TASK ITEM:
Using the material below, print the line that contains "Shooting star icons", the line that contains "6434 Satjanon Dr, Ooltewah, TN", and every line in between, exactly and nothing else.

ENTRIES PROVIDED:

☆ ☆ ☆ ☆ ☆

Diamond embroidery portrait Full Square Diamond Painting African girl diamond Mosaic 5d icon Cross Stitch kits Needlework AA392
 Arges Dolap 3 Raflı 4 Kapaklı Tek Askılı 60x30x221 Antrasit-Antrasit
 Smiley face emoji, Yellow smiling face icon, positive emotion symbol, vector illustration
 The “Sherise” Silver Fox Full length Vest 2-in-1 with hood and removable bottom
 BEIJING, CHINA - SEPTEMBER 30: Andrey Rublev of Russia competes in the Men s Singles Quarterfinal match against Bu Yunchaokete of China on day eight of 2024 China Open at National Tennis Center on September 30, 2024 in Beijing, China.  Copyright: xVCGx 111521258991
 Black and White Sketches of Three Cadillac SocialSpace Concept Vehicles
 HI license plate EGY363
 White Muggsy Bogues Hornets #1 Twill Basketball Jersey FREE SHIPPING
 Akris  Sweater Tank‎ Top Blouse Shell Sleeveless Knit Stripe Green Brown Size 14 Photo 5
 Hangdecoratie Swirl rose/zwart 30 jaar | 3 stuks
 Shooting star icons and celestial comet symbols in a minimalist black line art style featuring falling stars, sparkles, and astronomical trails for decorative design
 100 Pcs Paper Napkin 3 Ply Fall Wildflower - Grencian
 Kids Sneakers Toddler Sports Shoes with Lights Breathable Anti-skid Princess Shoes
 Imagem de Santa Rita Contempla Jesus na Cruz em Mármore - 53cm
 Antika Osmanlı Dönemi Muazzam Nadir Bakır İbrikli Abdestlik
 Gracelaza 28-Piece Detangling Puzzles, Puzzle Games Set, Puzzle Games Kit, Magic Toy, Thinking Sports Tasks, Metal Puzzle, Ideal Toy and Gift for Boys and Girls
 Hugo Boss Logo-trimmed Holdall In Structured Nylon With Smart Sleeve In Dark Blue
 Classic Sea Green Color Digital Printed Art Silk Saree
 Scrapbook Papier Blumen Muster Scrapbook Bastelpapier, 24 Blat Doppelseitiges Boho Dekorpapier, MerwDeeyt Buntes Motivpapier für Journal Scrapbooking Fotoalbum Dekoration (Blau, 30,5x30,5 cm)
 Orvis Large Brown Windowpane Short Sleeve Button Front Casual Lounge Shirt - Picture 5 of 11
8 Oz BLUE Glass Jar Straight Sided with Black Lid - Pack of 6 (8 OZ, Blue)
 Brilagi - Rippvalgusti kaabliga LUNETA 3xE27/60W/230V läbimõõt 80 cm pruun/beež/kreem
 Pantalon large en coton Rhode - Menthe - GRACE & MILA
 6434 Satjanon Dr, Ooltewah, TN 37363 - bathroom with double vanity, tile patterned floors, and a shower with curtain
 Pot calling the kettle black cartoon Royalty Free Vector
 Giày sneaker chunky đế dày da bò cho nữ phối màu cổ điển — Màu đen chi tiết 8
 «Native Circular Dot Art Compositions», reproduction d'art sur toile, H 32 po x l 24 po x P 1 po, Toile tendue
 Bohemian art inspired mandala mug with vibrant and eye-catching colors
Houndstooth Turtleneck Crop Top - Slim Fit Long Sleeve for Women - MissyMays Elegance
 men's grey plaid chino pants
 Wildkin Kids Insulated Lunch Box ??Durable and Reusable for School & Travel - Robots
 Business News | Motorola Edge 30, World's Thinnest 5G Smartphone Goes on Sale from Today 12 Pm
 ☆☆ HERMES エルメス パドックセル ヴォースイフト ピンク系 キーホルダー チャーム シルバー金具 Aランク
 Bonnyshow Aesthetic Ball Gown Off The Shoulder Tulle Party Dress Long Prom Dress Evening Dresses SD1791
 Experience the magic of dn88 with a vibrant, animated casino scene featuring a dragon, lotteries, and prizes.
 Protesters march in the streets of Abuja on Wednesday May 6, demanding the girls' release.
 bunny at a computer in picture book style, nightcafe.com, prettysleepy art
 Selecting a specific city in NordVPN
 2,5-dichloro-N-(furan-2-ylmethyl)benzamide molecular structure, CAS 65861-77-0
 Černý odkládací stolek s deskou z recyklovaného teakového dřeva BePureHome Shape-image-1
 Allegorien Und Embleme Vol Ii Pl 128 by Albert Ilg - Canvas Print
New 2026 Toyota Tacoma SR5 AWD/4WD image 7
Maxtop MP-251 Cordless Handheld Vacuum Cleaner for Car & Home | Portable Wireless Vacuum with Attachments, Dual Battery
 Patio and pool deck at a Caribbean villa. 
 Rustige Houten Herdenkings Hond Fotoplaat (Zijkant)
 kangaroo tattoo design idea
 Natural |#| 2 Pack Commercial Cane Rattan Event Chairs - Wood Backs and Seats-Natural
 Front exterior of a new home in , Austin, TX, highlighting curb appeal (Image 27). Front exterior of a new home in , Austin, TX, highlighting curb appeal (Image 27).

☆ ☆ ☆ ☆ ☆

TASK RESPONSE:
 Shooting star icons and celestial comet symbols in a minimalist black line art style featuring falling stars, sparkles, and astronomical trails for decorative design
 100 Pcs Paper Napkin 3 Ply Fall Wildflower - Grencian
 Kids Sneakers Toddler Sports Shoes with Lights Breathable Anti-skid Princess Shoes
 Imagem de Santa Rita Contempla Jesus na Cruz em Mármore - 53cm
 Antika Osmanlı Dönemi Muazzam Nadir Bakır İbrikli Abdestlik
 Gracelaza 28-Piece Detangling Puzzles, Puzzle Games Set, Puzzle Games Kit, Magic Toy, Thinking Sports Tasks, Metal Puzzle, Ideal Toy and Gift for Boys and Girls
 Hugo Boss Logo-trimmed Holdall In Structured Nylon With Smart Sleeve In Dark Blue
 Classic Sea Green Color Digital Printed Art Silk Saree
 Scrapbook Papier Blumen Muster Scrapbook Bastelpapier, 24 Blat Doppelseitiges Boho Dekorpapier, MerwDeeyt Buntes Motivpapier für Journal Scrapbooking Fotoalbum Dekoration (Blau, 30,5x30,5 cm)
 Orvis Large Brown Windowpane Short Sleeve Button Front Casual Lounge Shirt - Picture 5 of 11
8 Oz BLUE Glass Jar Straight Sided with Black Lid - Pack of 6 (8 OZ, Blue)
 Brilagi - Rippvalgusti kaabliga LUNETA 3xE27/60W/230V läbimõõt 80 cm pruun/beež/kreem
 Pantalon large en coton Rhode - Menthe - GRACE & MILA
 6434 Satjanon Dr, Ooltewah, TN 37363 - bathroom with double vanity, tile patterned floors, and a shower with curtain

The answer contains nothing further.